The pictures get left out, but everything else in the listing below must be duplicated exactly.

Data segment
- Opening Delimiter -

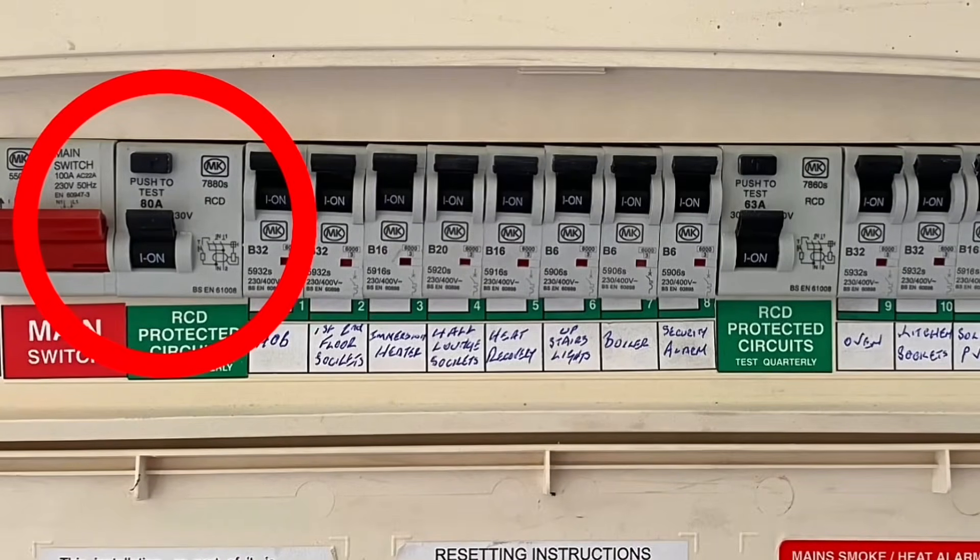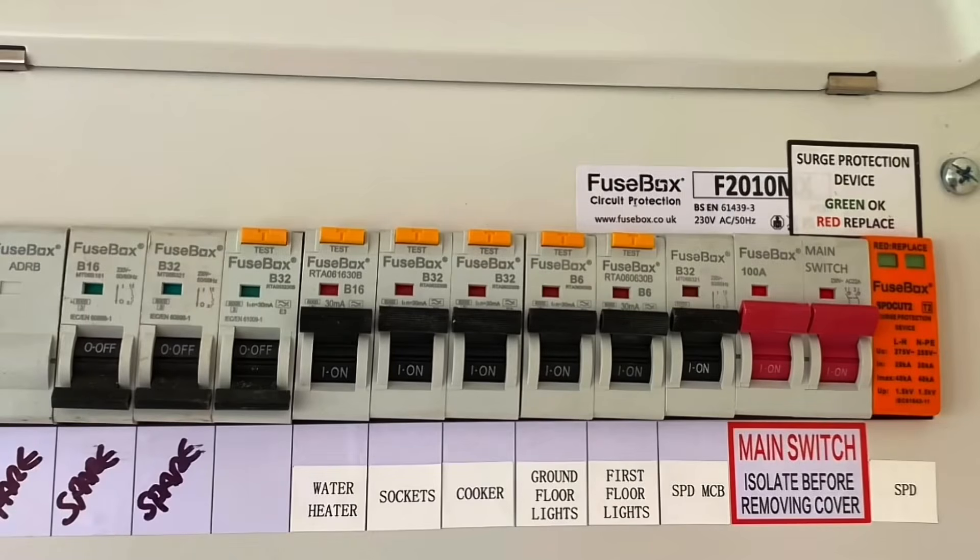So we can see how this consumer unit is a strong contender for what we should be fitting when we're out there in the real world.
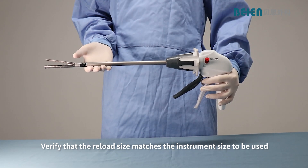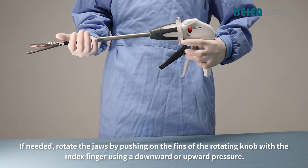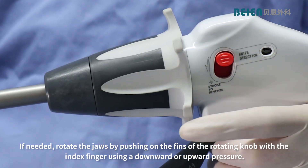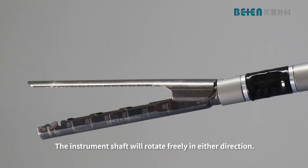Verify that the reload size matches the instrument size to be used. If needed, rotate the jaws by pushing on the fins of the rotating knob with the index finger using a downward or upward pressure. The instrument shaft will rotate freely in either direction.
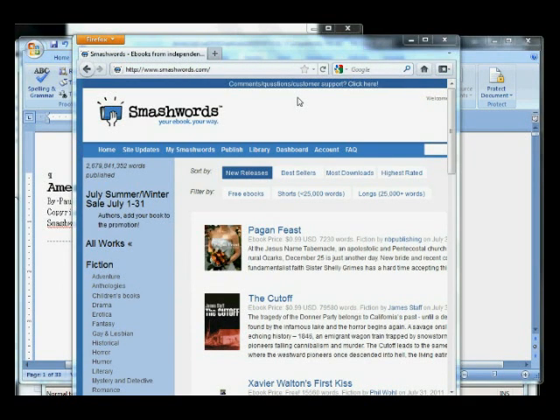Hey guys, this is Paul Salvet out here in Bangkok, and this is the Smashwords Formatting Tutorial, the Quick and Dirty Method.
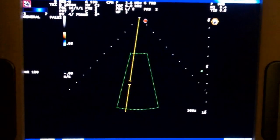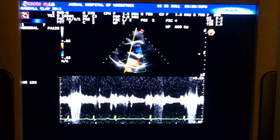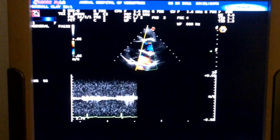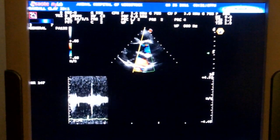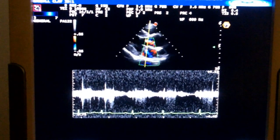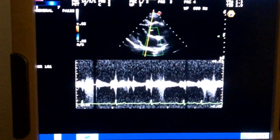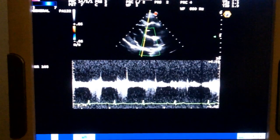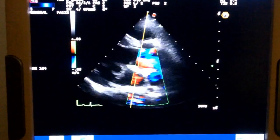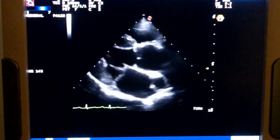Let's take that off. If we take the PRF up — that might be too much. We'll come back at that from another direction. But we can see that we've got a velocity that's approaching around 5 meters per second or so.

- Closing Delimiter -

Output for this task
So we can see how this consumer unit is a strong contender for what we should be fitting when we're out there in the real world.
Verify that the reload size matches the instrument size to be used. If needed, rotate the jaws by pushing on the fins of the rotating knob with the index finger using a downward or upward pressure. The instrument shaft will rotate freely in either direction.
Hey guys, this is Paul Salvet out here in Bangkok, and this is the Smashwords Formatting Tutorial, the Quick and Dirty Method.
Let's take that off. If we take the PRF up — that might be too much. We'll come back at that from another direction. But we can see that we've got a velocity that's approaching around 5 meters per second or so.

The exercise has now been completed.